I will go out to the garden in the morning in my PJs to see how everything is. I stop to pick a weed (or so I think), and I'm still there in my PJs at two in the afternoon, still in my PJs.

I bought four coleus plants eight months ago. I couldn't even spell propagation, and now I have 400 of the little devils!

I don't usually keep secrets from my husband, but I never show him my receipt when returning from the gardening center.

I think moving 300 or so plants from one house to another counts!

The dirt under my nails is layered in strata.  My favorite cologne is eau de earth.  I garden by flashlight.


I never met a plant I didn't want.

I talk to my plants and play classical music for them. 

My husband is crying "No more flowers, no more flowery dishes, no more of flowery wallpaper, " but I can't hear because Im in the winter garden preparing for more flowers!

I pull more weeds in other people's gardens than I do in my own.

I think moving 300 or so plants from one house to another makes me a mad gardener!

Growing . . . growing old, excited, cuttings, seeds, happy, fatter, dirtier, smarter. Gardening madness helps me to grow all these and many more!

Let's just say, my husband often brings out a shop light so that I can continue to see what I'm doing.

Obsessed! Thats what my family says I am.  I am determined to eradicate every blade of grass from our Florida lawn and replace it with plants for birds and butterflies.

I have childhood memories of being in the car with Mom on the way to nurseries, her knuckles whiter on the steering wheel, speedometer clicking ever higher, breath coming faster . . . I dont really think of myself as mad, just that I'm a bit like my mother. 

Getting up at 3 am to widen a border so the family didn't catch me removing yet more lawn. I'm banned from doing that.

There isnt a bare spot in my house. I have plants on every surface tables, chairs, floors, windowsills, husbands bar, everywhere. Theres no lawn left. Ive even moved onto my neighbors property.

I am obsessed . . . can't think about anything much other than my garden. Hard to pass the garden centres without stopping in to see if a plant says "take me home."

I spend more time thinking of and planning where I can use or obtain more plants than I spend on what to have for dinner.

Friday, March 17, 2017

Spring is Bouncing About


Finally, I am able to see part of my garden again. Most of the snow has almost left, revealing a very grubby scene. I cleaned up the patio, tidied the shed a little — just enough to be able to get past the doorway. I even did a little pruning when I tentatively approached my climbing rose, snips in hand.
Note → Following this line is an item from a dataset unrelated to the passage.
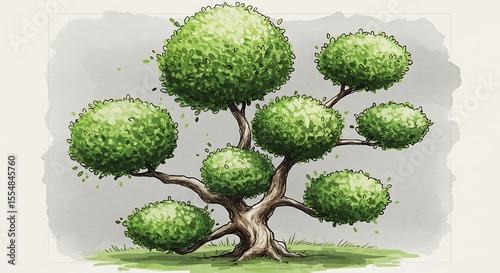 Stylized tree illustration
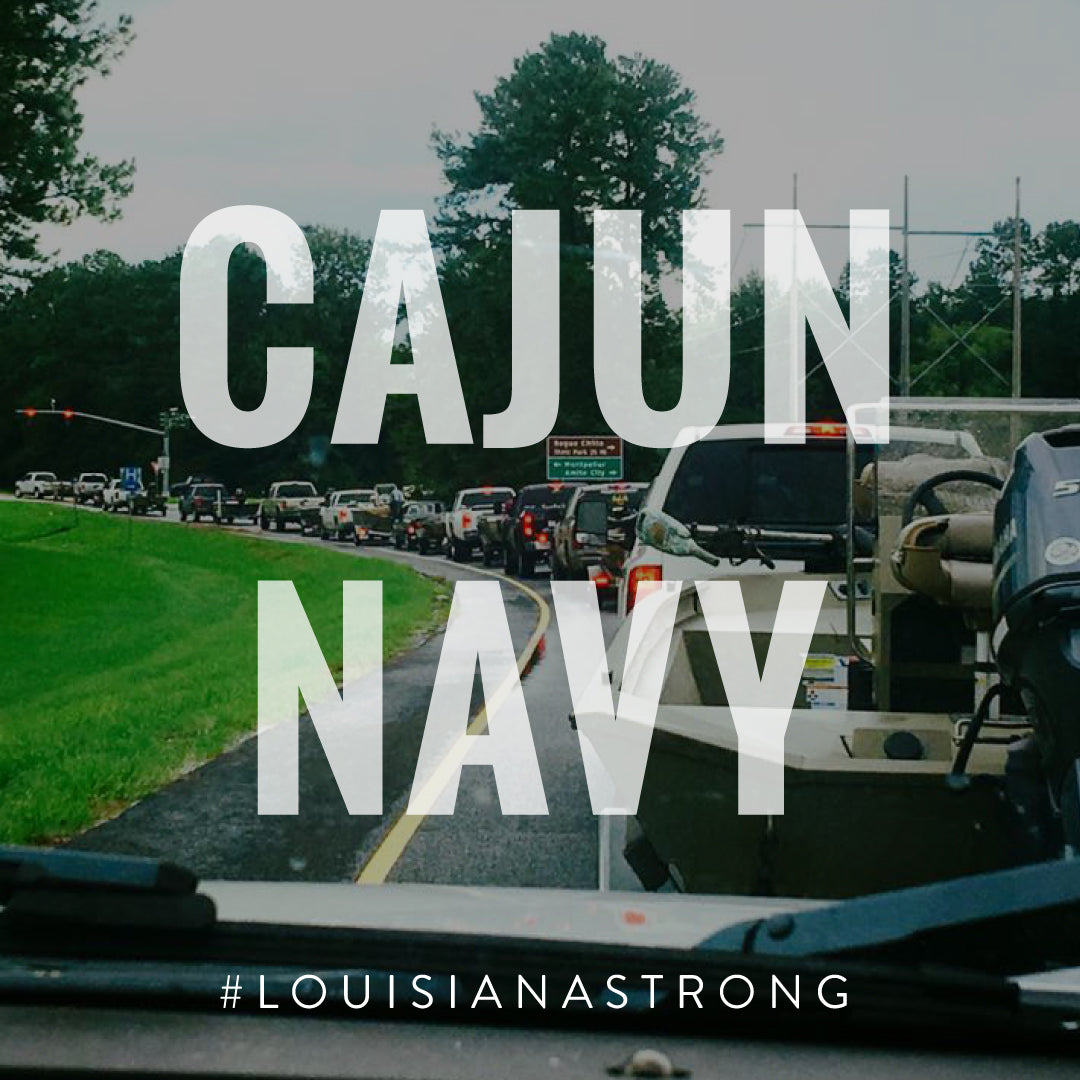 SFT Cajun Navy T-Shirt Raises Nearly $50K for Baton Rouge Food Bank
We don’t get along. A snip here and there at a couple of wayward canes and I was soon reminded that full combat gear is essential.

Sure, it looks lovely in full bloom, but winter reveals a bad tempered monster fully intent on crushing the arbor. It’s the Jekyll and Hyde of my garden. I have to cut out old, woody branches, plus dead or damaged ones. I try to remove all the weak, stringy shoots, if I can get at them, and I must shorten the healthy ones that are trying to snag my neighbour’s gazebo. The trick is to bend a few healthy canes horizontally to encourage more blooms.

It’s all worthwhile in the end, but it’s rarely a painless process when every thorn is out for blood. They’re only wannabe thorns as technically they’re prickles — outgrowths of the stem surface rather than true thorns. Call em what you like, they’re still nasty, but I’ll forget that come June when the arbor is a mass of pink blooms.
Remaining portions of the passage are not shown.